━━━ RECORDS FOR THE EXERCISE

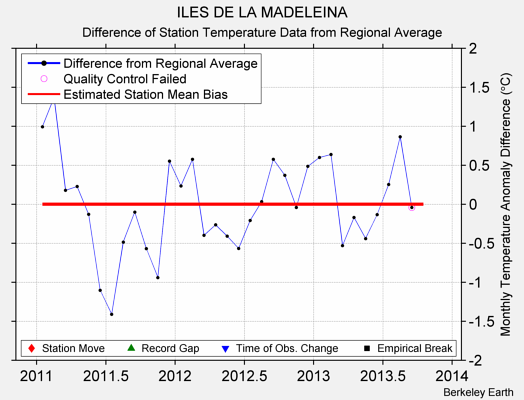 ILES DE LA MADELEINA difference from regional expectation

━━━━━━
━━━ RECORDS FOR THE EXERCISE

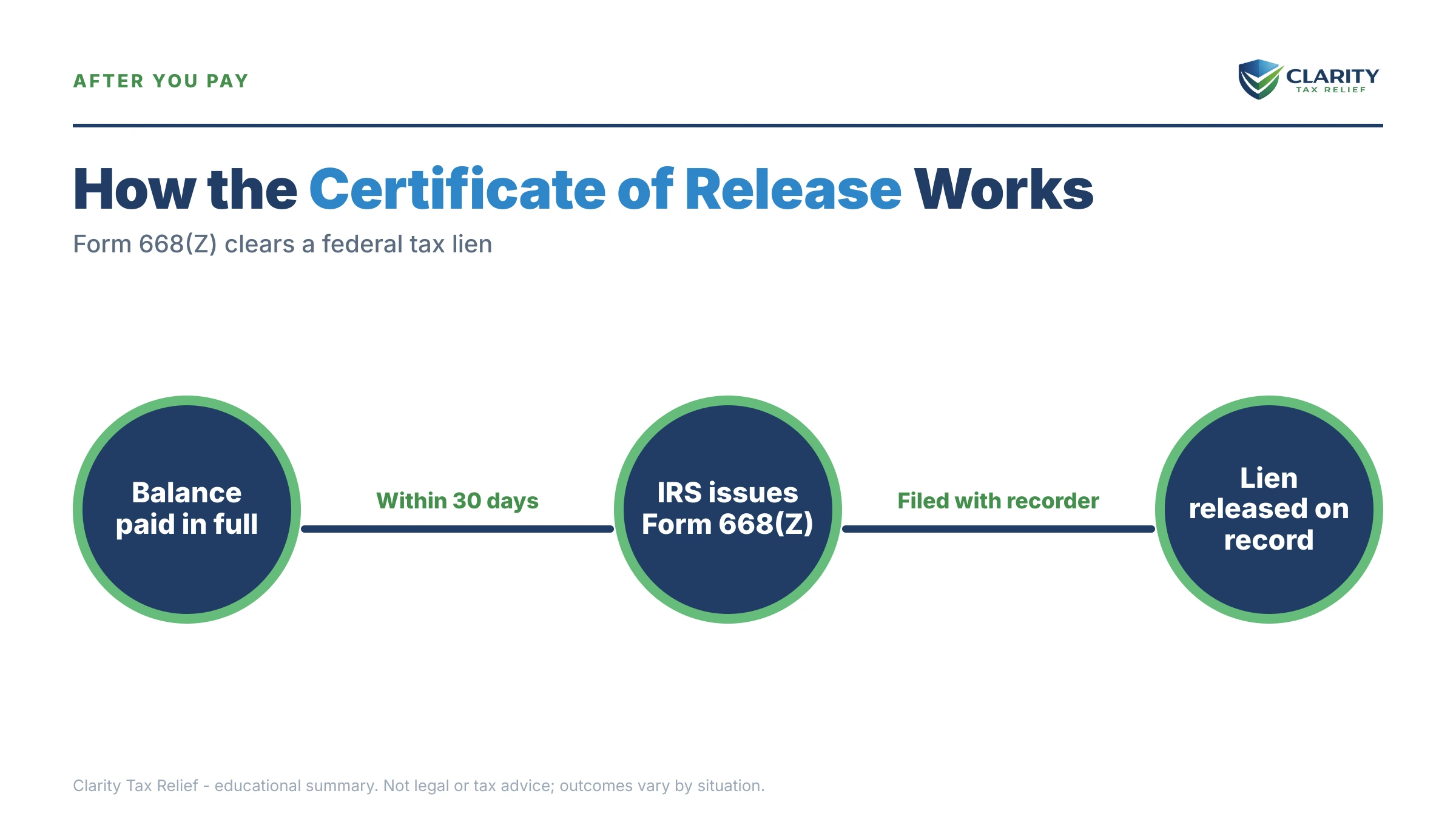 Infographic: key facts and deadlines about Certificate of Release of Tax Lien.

━━━━━━
━━━ RECORDS FOR THE EXERCISE

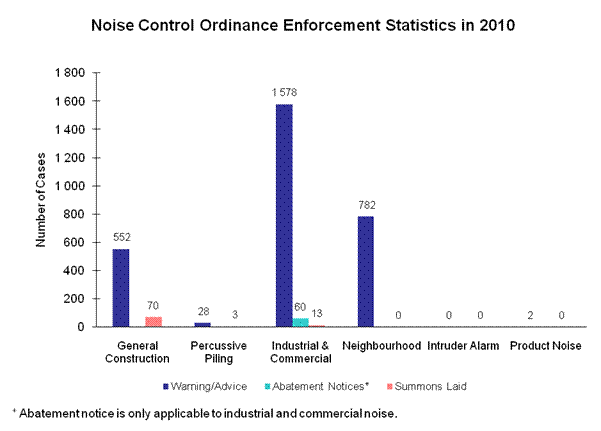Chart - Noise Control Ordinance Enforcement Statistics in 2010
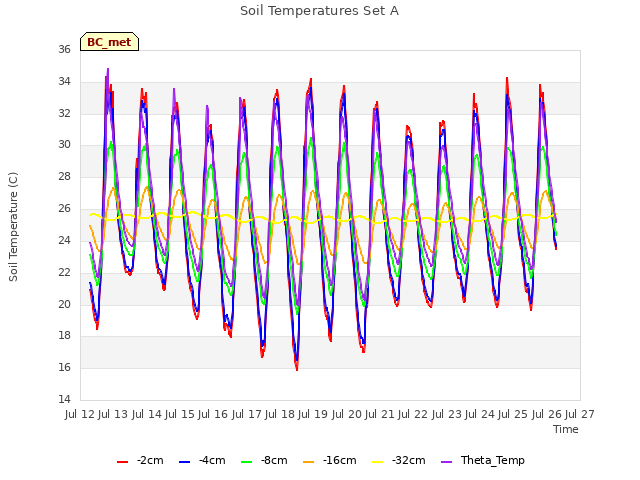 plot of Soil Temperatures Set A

━━━━━━

◆ **WORK ITEM**:
Leaving out each picture, repeat exactly the lines above from the one that contains "Chart - Noise" through the one that contains "plot of Soil Temperatures Set A".

◆ **ANSWER AREA**:
Chart - Noise Control Ordinance Enforcement Statistics in 2010
 plot of Soil Temperatures Set A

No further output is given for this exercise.